### RECORDS FOR THE EXERCISE
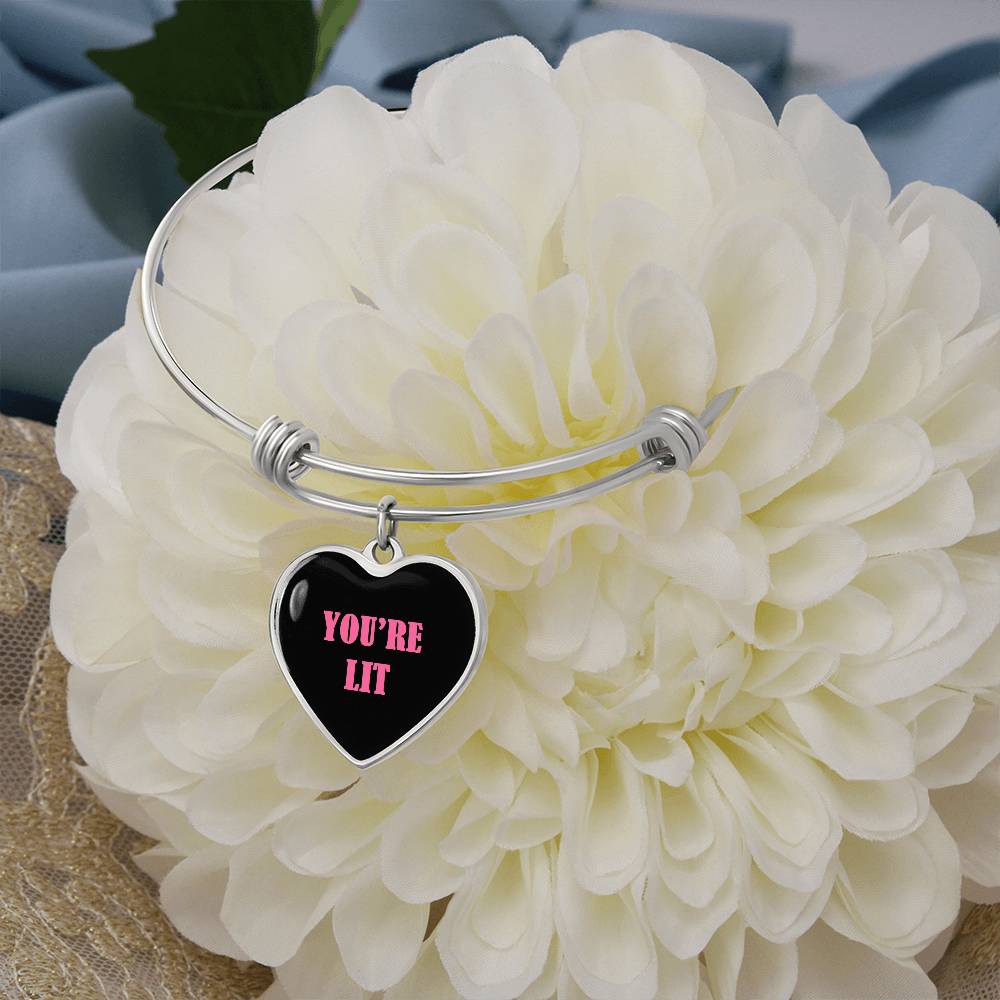 UR LIT  Black and Pink  valentine's day Heart Bracelet Bangle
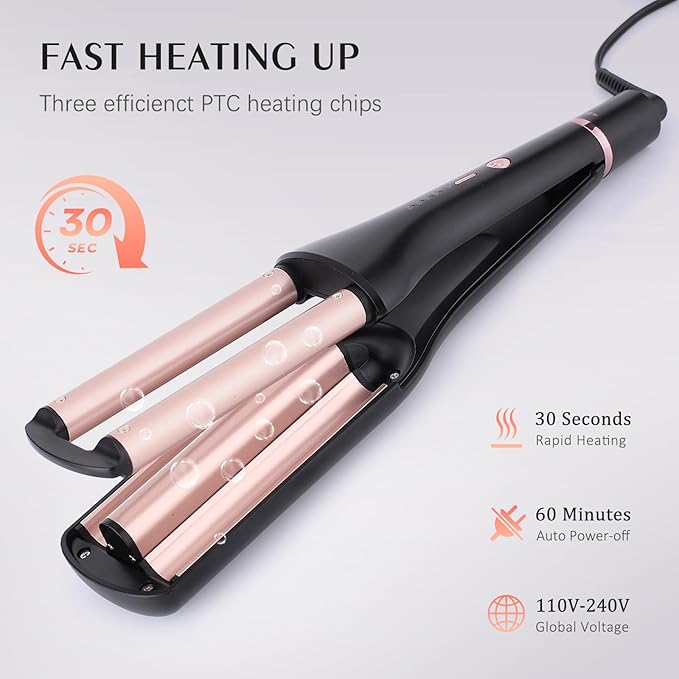 4 in 1 Crimper Hair Tool - Hair Waver with Adjustable Depths for 4 Wavy Styles, Beach Waves Curling Iron with 3 Ceramic Barrels, 4 Temperatures, Dual Voltage, Glove & Clips, for Women (Gold)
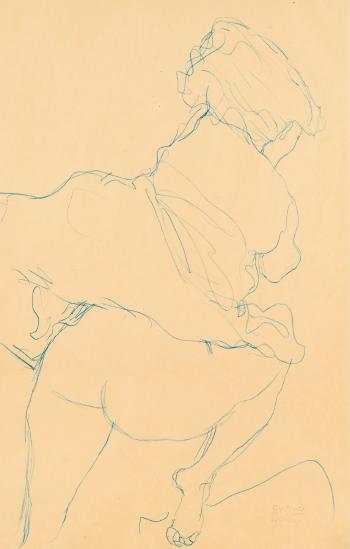 Kauernder Halbakt In Rückenansicht Nach Rechts (Semi-nude Crouching Down Seen From The Back And Turned To The Right) by 
																	Gustav Klimt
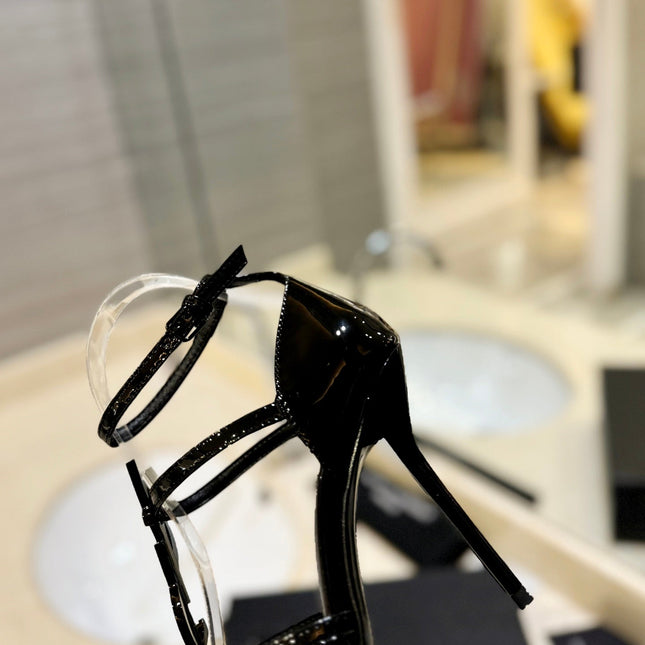 SL CASSANDRA HEELED SANDALS BLACK POLISHED CALFSKIN
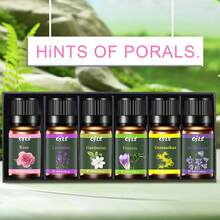 Set de 6 piezas de aceites esenciales de aromaterapia, con aroma a plantas, que incluye vela, piedra aromática, humidificador, ambientador de coche y recambio de aceite - Múltiples aromas - Ver 1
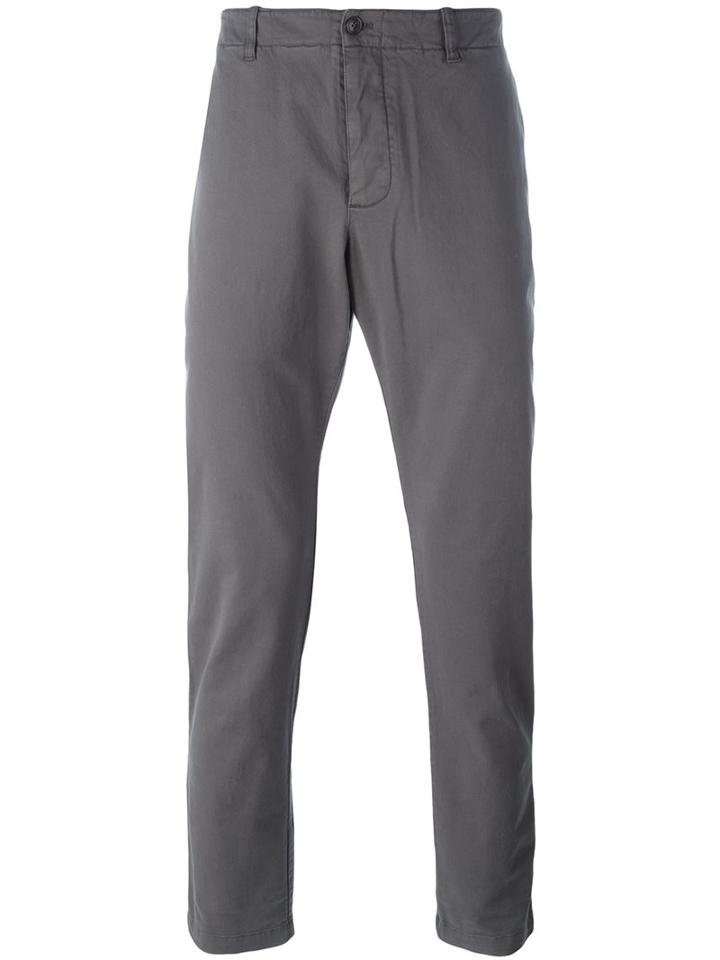 Ymc Slim-fit Trousers, Men's, Size: 30, Grey, Cotton/spandex/elastane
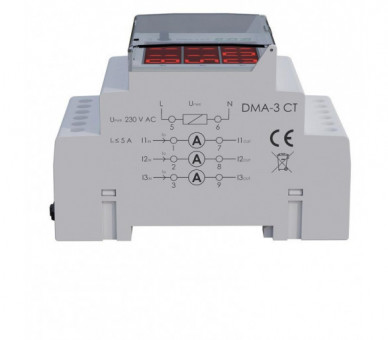 DMA-3-CT Cyfrowy wskaźnik wartości natężenia prądu, trójfazowy DMA-3-CT, pomiar półpośredni. Z programowalną przekładnią F&F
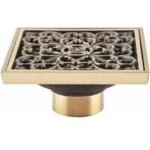 Bonde d�vacuation de douche en laiton antique - carr�, invisible - 10 cm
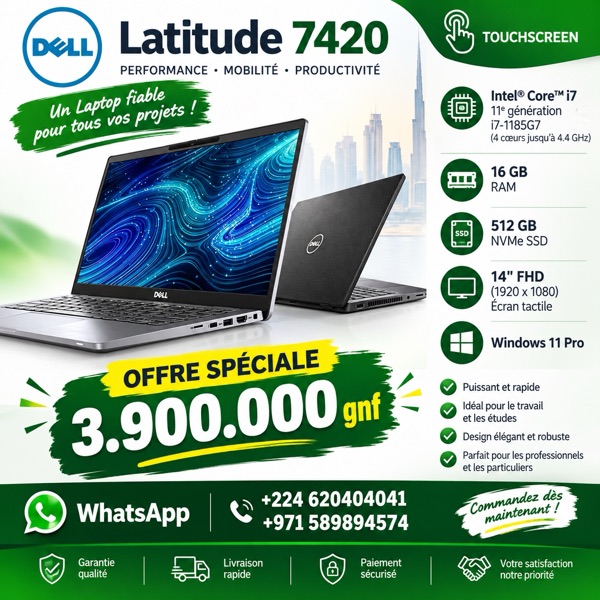 Dell Latitude 7420 – Écran tactile Core i7 Ordinateur portable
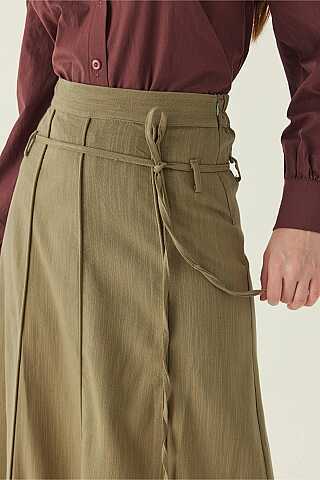 Dikiş Detaylı Etek Açık Haki - 5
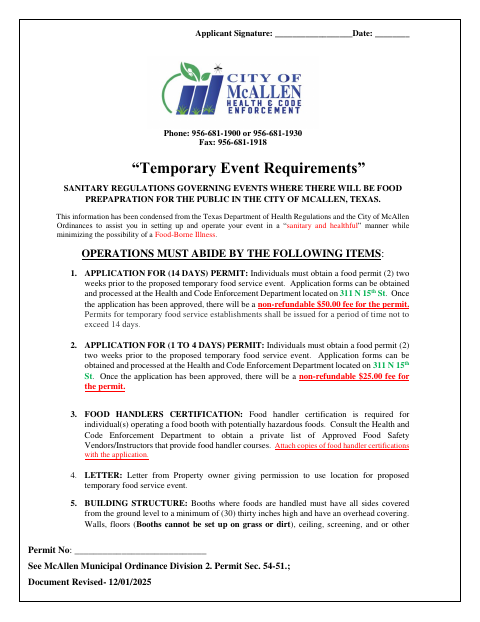 First page of the Temporary Food Event Permit Application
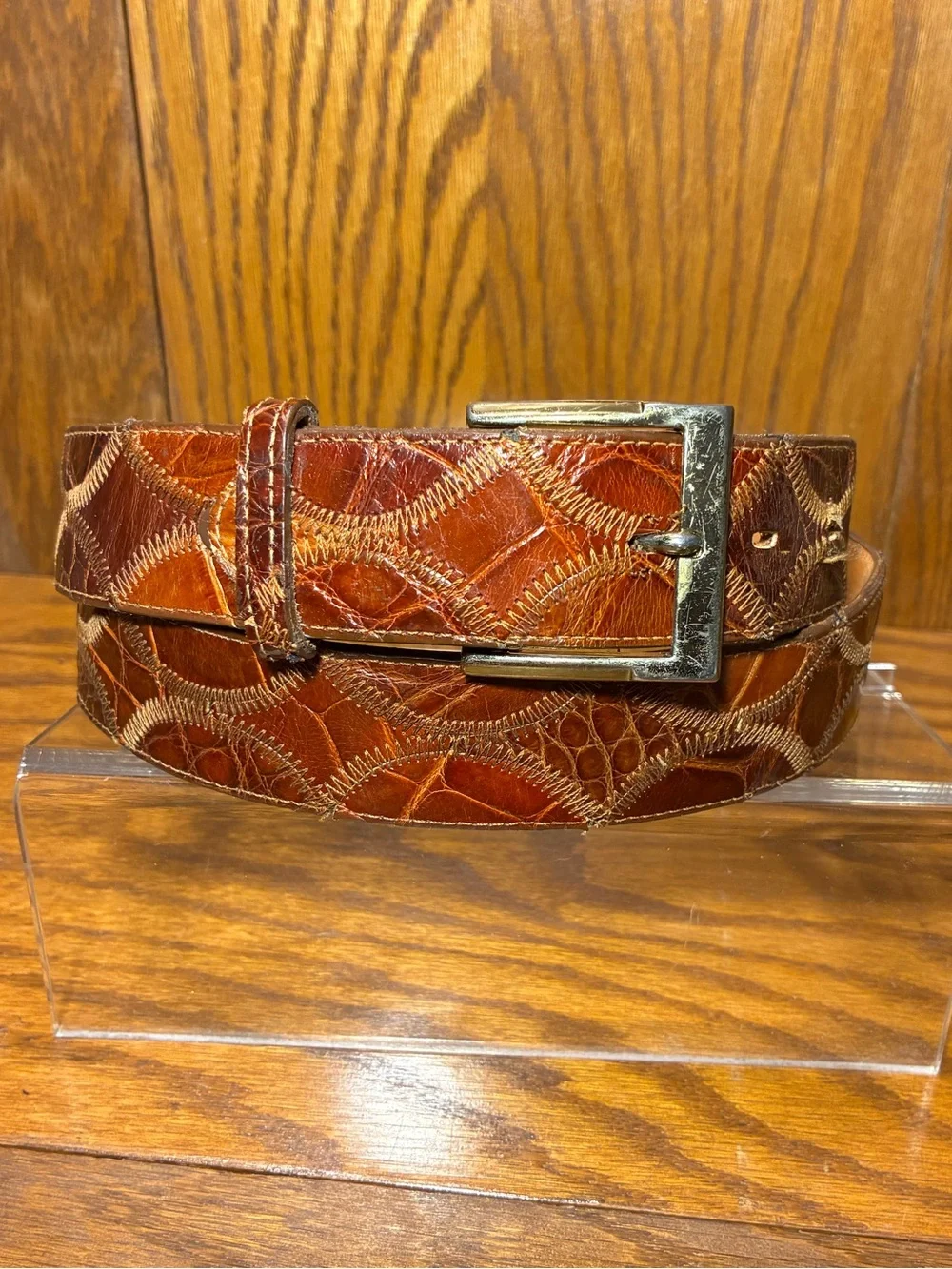 VTG Justin Genuine Alligator Leather Patchwork Belt USA MADE Brown Men’s Size 40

### PROMPT
Repeat exactly, and only, the entries from the line with "DMA-3-CT Cyfrowy wskaźnik" through the line with "Dell Latitude 7420". Pictures are skipped.

### ANSWER TO THIS EXERCISE
 DMA-3-CT Cyfrowy wskaźnik wartości natężenia prądu, trójfazowy DMA-3-CT, pomiar półpośredni. Z programowalną przekładnią F&F
 Bonde d�vacuation de douche en laiton antique - carr�, invisible - 10 cm
 Dell Latitude 7420 – Écran tactile Core i7 Ordinateur portable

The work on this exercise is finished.